I used to have a reoccurring dream, where I was always trying to find my way to my mother's house.  The details would be different, but the general idea was always the same.  Just as the tiny house was always there, ever present.  As I got older, the friends who would accompany me on my voyage would change, but still I charged on.
Once it was a male friend and instead of the gently winding driveway, the house had been dropped in the desert and instead of trees, there were horrific, giant snakes – Cobras, to be exact.  We fought the off, but I didn't make it to the house.  I never did.  
Another time, the house was in the ocean, sitting on a tiny, house-shaped island, and I in a boat.
This series of dreams plagued me off and on for several years.  What I was looking for, I don't know.  And since they bother me no more, I can only assume that I found it, or it gave up on me.
When I was younger, my bus dropped me off at the head of our neighborhood, and we walked the rest of the way; down a long straight stretch, a left turn and up and over a hill.  At the base of the hill was our driveway.  My sisters were old enough to go to school when we moved into that house, so I know they were there with me everyday, but I still feel as though I made that journey alone more often than not.
I remember once wearing a particularly fluffy, layered skirt, and as I walked, tried to tuck the bottom layer under so that I was wearing a single layer MUCH shorter skirt.  I succeeded, although I am sure I ended up with a rather lumpy waistline as well as creating a very interesting show for anyone who looked out their window.

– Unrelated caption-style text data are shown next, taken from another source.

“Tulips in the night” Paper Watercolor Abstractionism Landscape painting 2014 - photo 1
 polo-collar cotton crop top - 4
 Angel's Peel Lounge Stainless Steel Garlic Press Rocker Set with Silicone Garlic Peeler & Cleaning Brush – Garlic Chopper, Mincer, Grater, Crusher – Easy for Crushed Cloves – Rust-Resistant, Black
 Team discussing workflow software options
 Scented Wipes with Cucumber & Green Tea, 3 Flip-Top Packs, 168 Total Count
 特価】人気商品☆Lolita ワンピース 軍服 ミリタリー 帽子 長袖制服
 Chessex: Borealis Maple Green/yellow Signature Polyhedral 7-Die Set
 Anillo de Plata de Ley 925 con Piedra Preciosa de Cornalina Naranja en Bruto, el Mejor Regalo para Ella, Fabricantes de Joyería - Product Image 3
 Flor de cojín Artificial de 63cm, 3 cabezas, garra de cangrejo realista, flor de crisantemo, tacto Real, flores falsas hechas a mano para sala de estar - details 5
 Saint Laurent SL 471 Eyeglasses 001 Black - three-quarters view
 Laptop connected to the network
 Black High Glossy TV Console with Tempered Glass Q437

During my life, several of those trips stand out in my mind.  The one where I found my pet rabbit, tortured by a neighbor's dog, at the crest of the hill.  I ran the rest of the way, knowing in my heart of hearts that there were no wild albino bunnies in our neighborhood.  
Then there was the time when we were walking TO the bus, and my youngest sister lagged behind.  In an effort to 'teach her a lesson,' we went on without her.  Mind you, she was twelve, but also slightly handicapped.  The bus came, and she had not yet made it.  I went back, promising that I would arrive with my sister at the end of the road by the time the bus had circled around and gotten back.  
I walked back, retracing my steps.  No sister.  I made it all the way to the house without running into her.  It was locked and she was nowhere to be found.  My keys were on the bus.  I ran to a neighbor's house.  They had not seen her.  I called my grandparents who lived up the street.  They had not seen her either.  
At this point, the bus had long since driven by my intended pick-up spot.  As a last-ditch, we called the school.  They had seen her walk by earlier, she was there.  I demanded they go get her.  She answered the phone just as sweetly and excited as ever and informed me that she walked to a house where some other kids lived and rode to school with them.  
It's amazing what can happen during your life when you are simply getting from point A to point B, without even realizing it.